In tutta Europa il rilancio di città in crisi ha trovato una leva importante in grandi eventi che fungevano – al tempo – da canalizzazione di finanziamenti e da medium per la civica reputazione. Il rilancio di Glasgow nell’uscita dalla cosiddetta “afflizione post-fordista” (la crisi da de-industrializzazione) prende avvio nel 1990 dall’essere stata capitale europea della cultura. Gli studiosi di territorio fanno decollare la rinascita di Barcellona dall’Olimpiade 1992, in coincidenza con il varo del suo celebre Piano Strategico. Se andiamo a vedere, gli ultimi “grandi eventi” internazionali ospitati dall’Italia – Bologna (2000) e Genova (2004) capitali europee della cultura – sono stati dei clamorosi flop per l’incapacità gestionali evidenziate dalle amministrazioni locali. Insomma, se queste manifestazioni hanno un esito positivo o negativo, è “il manico” a risultare sempre responsabile.

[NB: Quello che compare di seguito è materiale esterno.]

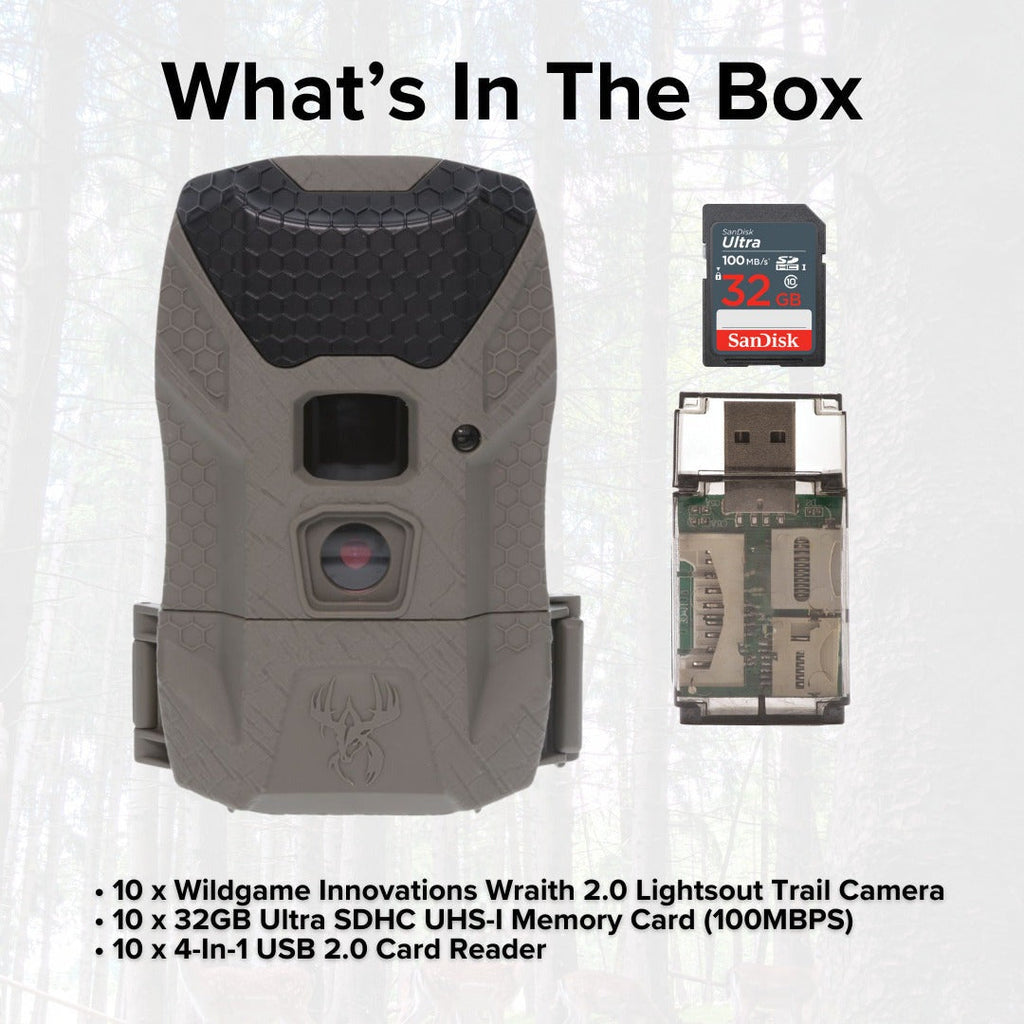Wildgame Innovations Kicker 2.0 Lightsout Trail Camera with 18MP Resolution (10-Pack) Bundle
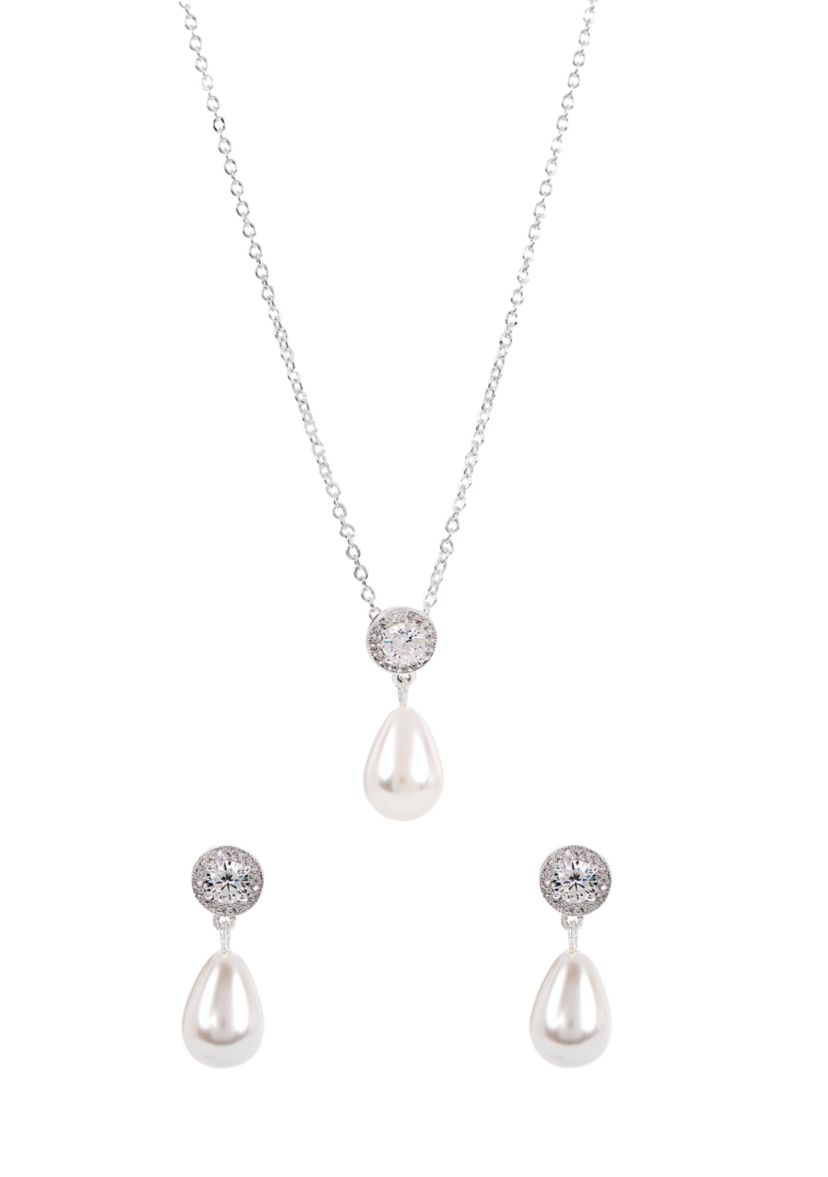 Lab Grown Silver Plated Round Cubic Zirconia and Drop Pearl Earring and Pendant Necklace Set 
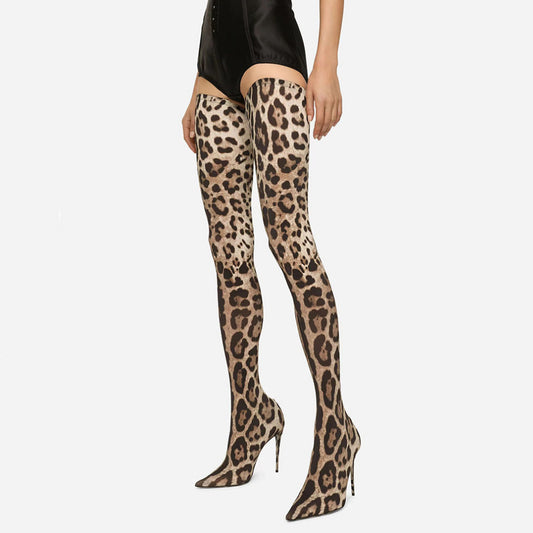 Leopard Print Pointed Toe Stiletto Heel Ultra Long Women's Over-the-Knee Stretch Thigh-High Boots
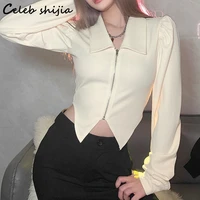 chic apricot cropped tops women 2022 turn down neck long sleeve zipper top women blouses korean fashion vintage clothing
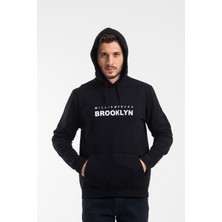 Erkek Kapşonlu Rahat Kalıp Ince Wıllamsburg Brooklyn Baskılı Swetashırt SPR24SW123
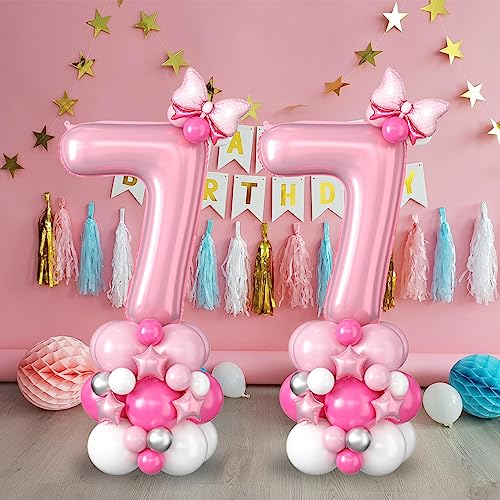 Image of 40 Inch Pink Number 7 Balloon Tower 7th Birthday Decorations for Girls | Large Pastel Baby Hot Pink White Number Seven Foil Balloons Stack Set 7 Years Old Princess Seventh Birthday Party Decorations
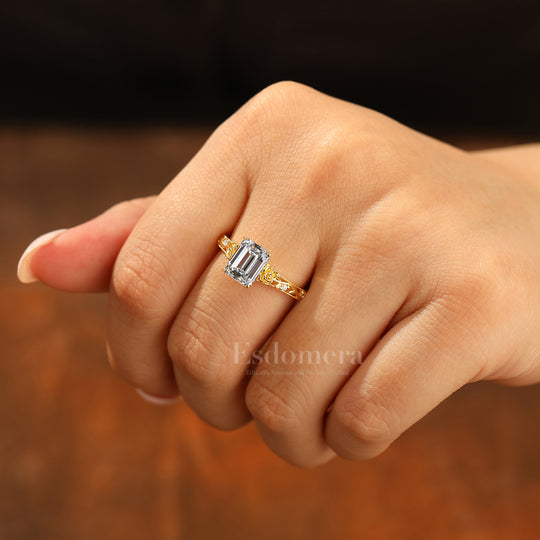 Classic Art Deco 2CT Filigree Emerald Cut Lab Grown Diamond Promise Ring (IGI Certified)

Il diniego del governo Monti per la candidatura di Roma olimpica 2020 e ora della Raggi per Roma 2024 suonano come palese ammissione della propria inadeguatezza, gestionale e di governo. Un minimalismo rinunciatario che non induce a confidare in chi nutre così poca fiducia nei propri stessi mezzi.

Per quanto riguarda il metodo, è comunque risultato sgradevole – da parte della sindaca – il ripristino del modello scortese/irridente già praticato dalla (pur odiata) Lombardi; nella parte del trucido di periferia durante gli streaming con Bersani.

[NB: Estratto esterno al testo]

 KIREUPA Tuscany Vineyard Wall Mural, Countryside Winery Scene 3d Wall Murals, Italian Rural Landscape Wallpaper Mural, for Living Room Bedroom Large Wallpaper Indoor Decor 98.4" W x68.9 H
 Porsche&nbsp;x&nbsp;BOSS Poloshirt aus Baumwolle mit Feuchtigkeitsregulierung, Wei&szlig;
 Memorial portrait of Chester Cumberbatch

Un ostentato disprezzo dell’interlocutore, tra l’altro fatto attendere oltre il lecito all’appuntamento ufficiale concordato, che suona a debolezza (evitare il confronto) gabellata per tracotanza. Sgarbo istituzionale certamente a uso del proprio audience interno, da ricompattare visti gli stridii e gli scricchiolii delle passate settimane. Con lo scalpo del Malagò come diversivo per gli organigrammi non ancora completati e la scelta di collaboratori dalla provenienza imbarazzante.

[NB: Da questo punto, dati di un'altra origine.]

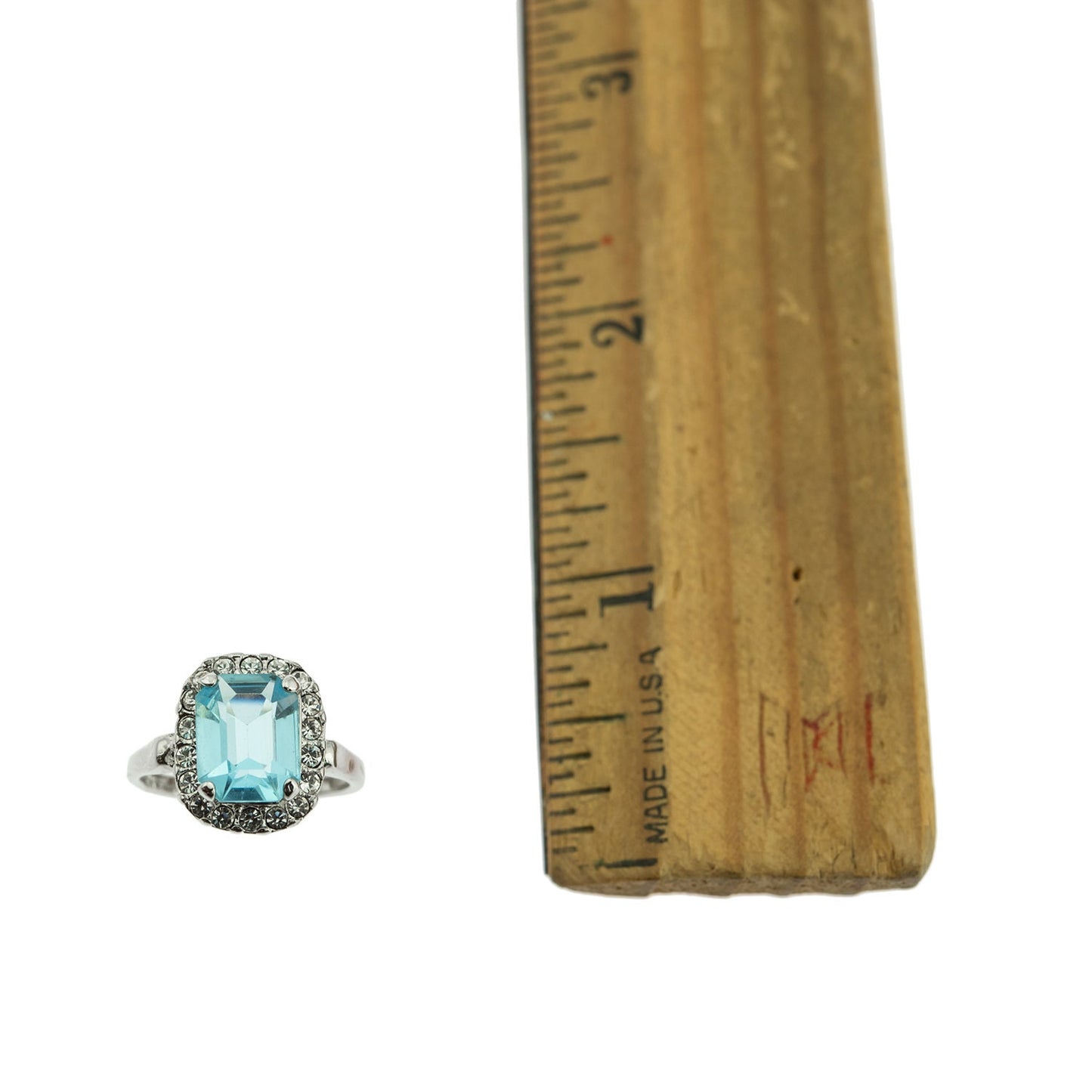 Vintage 1970s Aquamarine Austrian Crystal Ring - 18k White Gold Plated March Birthstone jewelry image 1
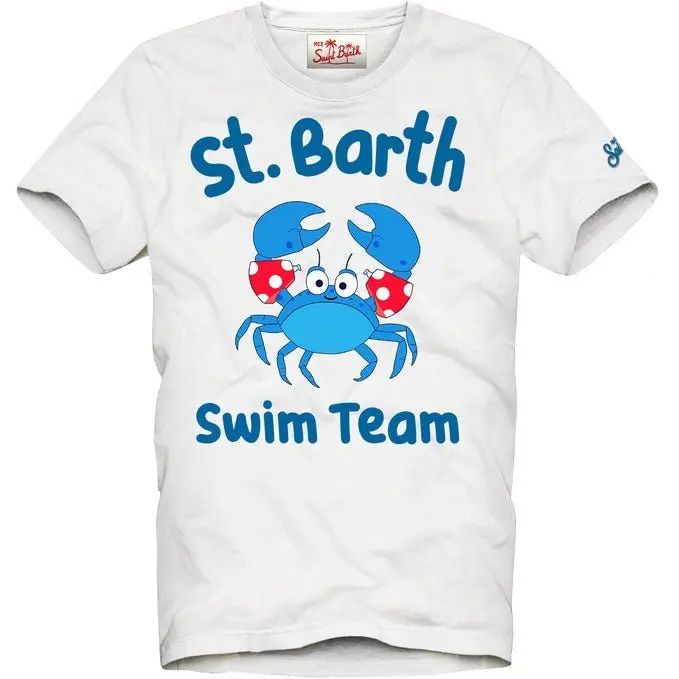 T-SHIRT BIANCA CON GRANCHIO BLU MC2 SAINT BARTH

Sicché – alla fin fine – l’intera vicenda sembra ridursi ancora una volta a giochi di aggiustamenti interni al Movimento. Un messaggio che dice: io accetto di sottostare al controllo sulle scelte politiche del Comune (no alle Olimpiadi romane) ma non tollero intromissioni nella costruzione del mio entourage; composto esclusivamente da fedeli, cavalieri serventi e qualche ingaggio proveniente da ambienti giudicati sintonici, come il milieu alemanniano.

Insomma, quanto emerge in questo gioco di mosse e contromosse, di comunicazioni strumentali e patti di sangue segreti, ancora una volta non sembra proprio il modo migliore per dare una svolta effettiva alla vicenda romana; l’investimento ottimale per candidarsi alla guida del Paese. Sarà interessante vedere come reagirà a tale baraccone una persona seria come l’assessore all’Urbanistica Paolo Berdini, segnalato in crescente sofferenza per lo spettacolo cui sta assistendo.